By the 1950s and 60s, renting a room was the way to vacation in the Northwoods.
But that has changed over the last few decades.
“Back in the 60s, not everybody had a cabin in the woods. Now, the tradition in Wisconsin has become just buy a lake property and go there every weekend,” says Tim Shimek, a property manager and developer in Rhinelander.
He has watched as people abandoned motel rooms in favor of private lakeside homes, or cabins rented from Vrbo.
The shift left once bustling motels sitting empty — their queen-sized mattresses and bulky tv sets collecting dust.
However, investors like Shimek see these decaying buildings as an opportunity.

“I’ve been keeping my eye open for the last few years for mom-and-pop motels that aren’t surviving anymore,” he says. “Vrbos are a thing now and everybody is renting their lake homes, so I’ve been keeping my eyes open, and I know that housing is an issue up here — permanent housing.”
When Shimek discovered the Silver Lake Inn in Laona, he contacted the owners on Facebook and made an offer. The 1950s building once housed a thriving inn and supper club. But since the restaurant burned down a few years ago, the inn has sat vacant.

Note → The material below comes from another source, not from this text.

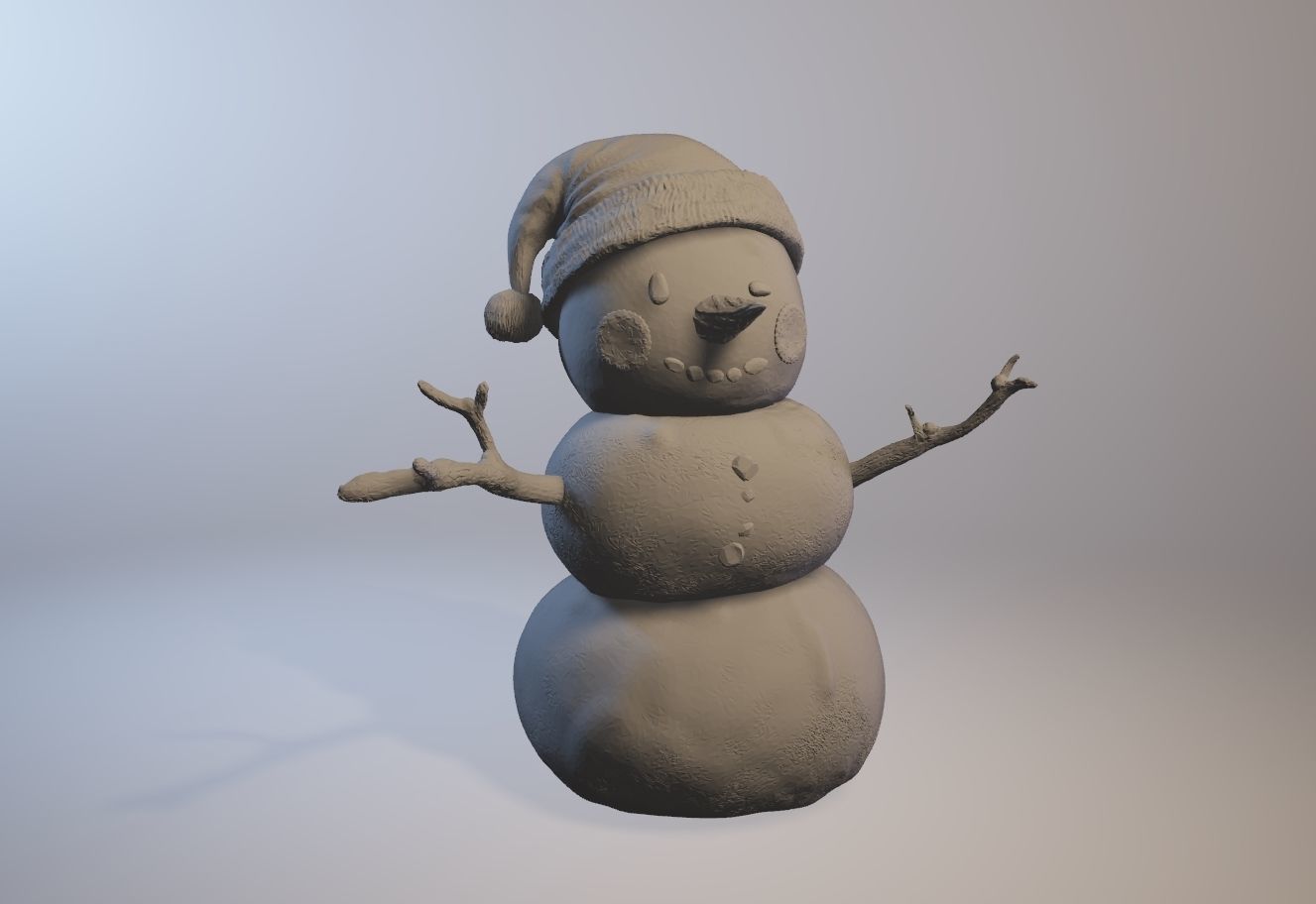 Snowman 3D print model_4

Shimek is trying to change that.
He has been renovating the place for the past six months, repainting red and green walls a bright white and re-establishing gas and electricity.

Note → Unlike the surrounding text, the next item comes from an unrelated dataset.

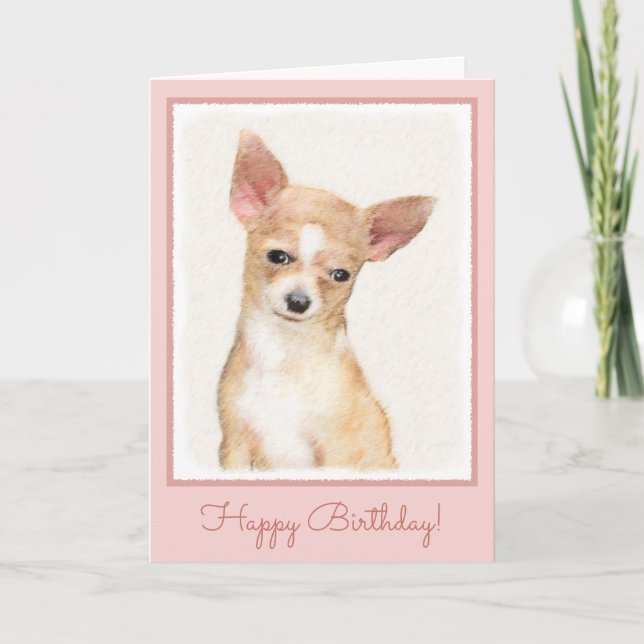 Chihuahua Painting - Cute Original Dog Art Card (Front)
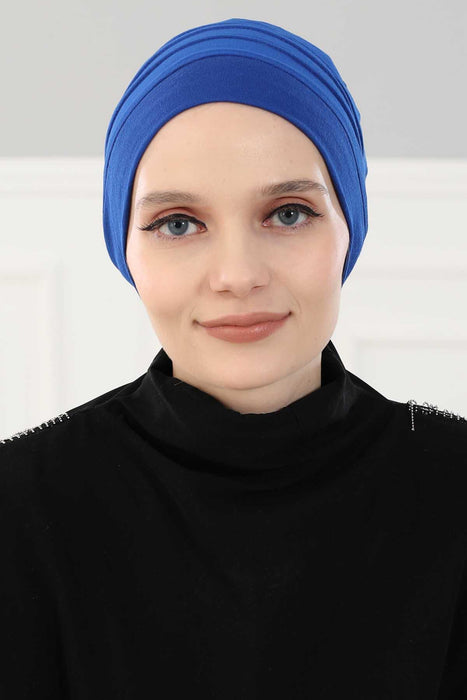 Flexible Instant Turban Bonnet Cap for Women, Plain Color High Quality Cotton Headwrap, Lightweight Cancer Chemo Headwear Turban Cover,B-34 Sax Blue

When he is finished, the building will host ten apartment units. He has already had 60 people apply for those units.
“I’ve gotten applications like crazy,” he says. “Most of the people that we’ve got applying right now are semi-local or are people that live here in the area that are just looking, looking, looking, looking for a place to rent.”

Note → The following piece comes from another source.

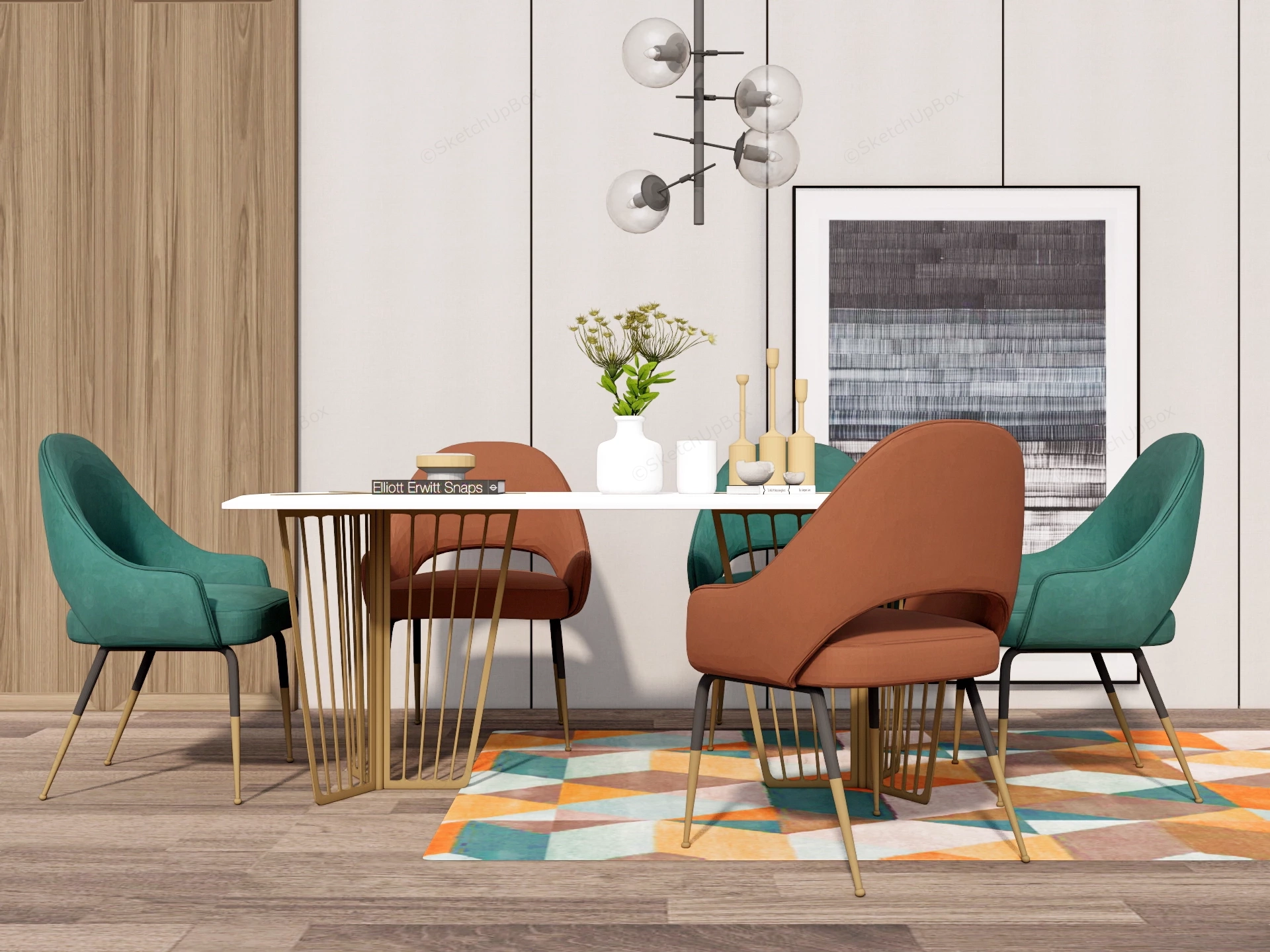 Modern Dining Table And Chair Set Sketchup 3D Model Preview - SketchupBox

Shimek is not the only person doing this.
Developers have converted motels into long-term living units in Minocqua and Eagle River too.
Rick Wilson, the owner of Pukall Lumber Company in Minocqua, says he converted a motel into affordable housing because his employees could not find anywhere to live.
“It’s not like my wife and I really wanted to do this, but there’s such a need within Pukall Lumber Company to find housing for employees,” he says. “We had three employees that we offered jobs to, and they looked around town and they came back at the end of the day and said ‘I can’t take your job.’ The third time, I said that’s it, I’ve got to do something.”

Like Shimek’s property, the Little Arbor Vitae Motel was built in 1946 for vacationers staying for a week or two at a time. The quarters are tight.
“Honestly, people just need a place with a hot plate,” Wilson says. “Every room has a microwave and a refrigerator just like a motel room would have. But this is what they’re looking for, and they can get it for under $600. There’s demand for just this.”
Wilson says his idea is for people to stay in the renovated motel until they can find more permanent housing.
The demand for this type of transitory housing was higher than Wilson expected. The building’s units rented in less than 2 weeks, with many to Pukall Lumber employees.
This conversion from motel to apartment complex will likely become more and more common says Eric Schoessow, who has worked in real estate in the Northwoods for decades.
“There’s a lot of motels on the market right now,” he says. “People are getting out of the business because of what’s going on with Vrbo and vacation rentals. It’s taken away from the mom-and-pop motels. So, what do you do with them when you sell them? You have to utilize them for housing and that’s what I think a lot of people can do and should do.”
Schoessow has converted several former motels into multi-family apartments.
He finds they are popular among older seniors looking for simple living arrangements and young people moving into the area to work.
Because many Northwoods townships are hesitant to build new apartment complexes, he says this is one of the most obvious ways to provide more affordable housing.
“We go up to the Northwoods for a reason. We go up there to try to escape and you want the Northwoods look. You don’t want a bunch of overly modern apartment buildings going up and taking away from that,” he says. “You could still build some multi-family apartments in the area and you could make them look nice with a Northwoodsy look, a log look. But you have to have municipalities that are willing to do that. Otherwise, you have to convert.”
With building costs higher than they’ve been in years, converting could be a viable option to address the pressing need for more housing in the Northwoods.